Took a road trip up to Saint Gaudens National Historical Site in Cornish, NH. Attempted to get to Marsh-Billings-Rockefeller too, but their signage SUCKS!!! But we managed to walk around the town and drove around the entire park site, so that counts as a visit in my mind.
The park property is gorgeous and the staff that greeted us today were quite enthusiastic. Only $5/person to get in and tromp about the grounds. I would love to go back and go along the trails that they have as well. We had limited time since we planned on hitting 2 parks today, but only got to one. And then we got tired and hungry and cranky. lol. The whole site, though provides beautiful photos.
I only wish that we had gotten there before 1 p.m. Its a long drive up, especially with leaf peepers, but there was a ton of rain today and it made everyone move even slower. The season ends at the end of the month, so we’ll have to wait until 2015 to go back again.
So, I made it up and down the mountain without falling down once, which is actually quite an accomplishment for me.
The week began with some beer:
A sampler from Moat Mountain, lovely place to eat and lovely place to stay about 20 miles away from Mt. Washington and nice comfy beds.
Larry came along for the ride and the weather reminded him of traveling on the ocean with all the fog and rain.
The last of the snow from the winter…it wasn’t as impressive as last year since it was all gloomy when we went by in the morning. If we had come down the same trail (which we should have) the pictures would have been much better.
We made it up here in fairly record time for me. 4 miles in just about 4 hours…with the extra weather and some issues with breathing and a large group of people standing in the middle of the trail, so annoying.
A quick picture after we hit the summit going down Lion’s Head.
You can see how different the weather can be in just a few hours. It was lovely on the way down from the summit.
Remember, kiddies! Be Ice Smart! And remember to scream and wave your hands in the air while running away from large ice boulders.
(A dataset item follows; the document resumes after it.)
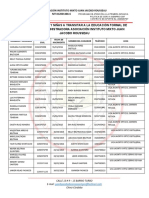 Listado de Beneficiarios. Transito Armonico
Four times up and cloudy skies each time. I actually had some clear skies once while almost to the top, but they went away fairly quickly. Mount Washington spends about 90% of its year in some sort of cover: fog, clouds, snow, sleet, rain. It looks like this time will be no different with showers predicted for the morning of our hike.
Hopefully by the time this summer is over, I will have two more summit pictures to show. One will be a true summit (in my mind) because I’ll walk up myself. The other one will be aided by a car ride (really a truck ride) up the Auto Road. As my birthday present to myself, I have booked myself a weekend at the Mount Washington Observatory. Not only do I get to be geeky and learn about weather, I get to sleep overnight on the summit. How cool is that? I would rather the clear skies for that because I am definitely bringing both my cameras (just got the new one) to try and take pictures of the stars! 🙂
Mount Washington stands at 6,288 feet (1,917 m) and is the highest point of both the White Mountain’s 4000-footers and of New Hampshire. It is known for having incredibly wild weather and holding the record for the highest wind gust measured at the Earth’s surface, 231 mph on April 12, 1934. Before Europeans arrived, it was known as Agiocochook.
First seen in 1524 by Giovanni da Verrazzano, it was first ascended in 1642 by Darby Field (for whom Mt. Field is named for). The Crawford Path was laid out in 1819, providing access to the summit. In 1861, a stagecoach road was placed for the summit (which was turned into the Mount Washington Auto Road) and in 1869 the Cog Railway was created.
One of the silliest things I’ve done in my life is to pick up a book entitled “Not Without Peril”; I did this on the first night of a 20 mile hike through the White Mountains and was fascinated by the ways that people have died on Mt. Washington. Some were quite simple, people wandering off trail or trying to summit in storms…other people have died in very unique ways, the ones who died by drowning caught my attention. Apparently, someone has also been murdered on the mountain in 2001.
I would strongly suggest not picking the book up before going on a hike through the Whites, but it is a good read overall.
In honor of my hike this weekend, I thought I would do a post a day about Mt. Washington. Today’s post: The Cog Railway.
A cog railway has a toothed rack rail and is named a cog because it has one or more cog wheels that mesh with the rack rail. Because of this, it is able to operate on steep gradients.
The first cog was in England in 1812 and the first in America was the Mount Washington Cog Railway in 1868. While this train has been a source of endless joy and excitement for passengers, for hikers it is a totally different story. The train’s whistle is a constant companion as you hike up the mountain and plumes of smoke can be seen as you go up certain trails. The worst part, however, is when you get to the top and are all tired and excited to be on top of the summit and have to wait for people who took the train to take their pictures on top of the marker to take your own.
There is something satisfying about moving around these people with your stinky and large backpack and get stared at by people. Last Wed, we were hiking up Cannon and someone was saying on the trail “You wouldn’t want to hike all the way down there!” just as I was coming onto the trail. Several looks were given to us as we slogged on to the tower…I’m sure we’ll get some more this weekend, especially if it is raining.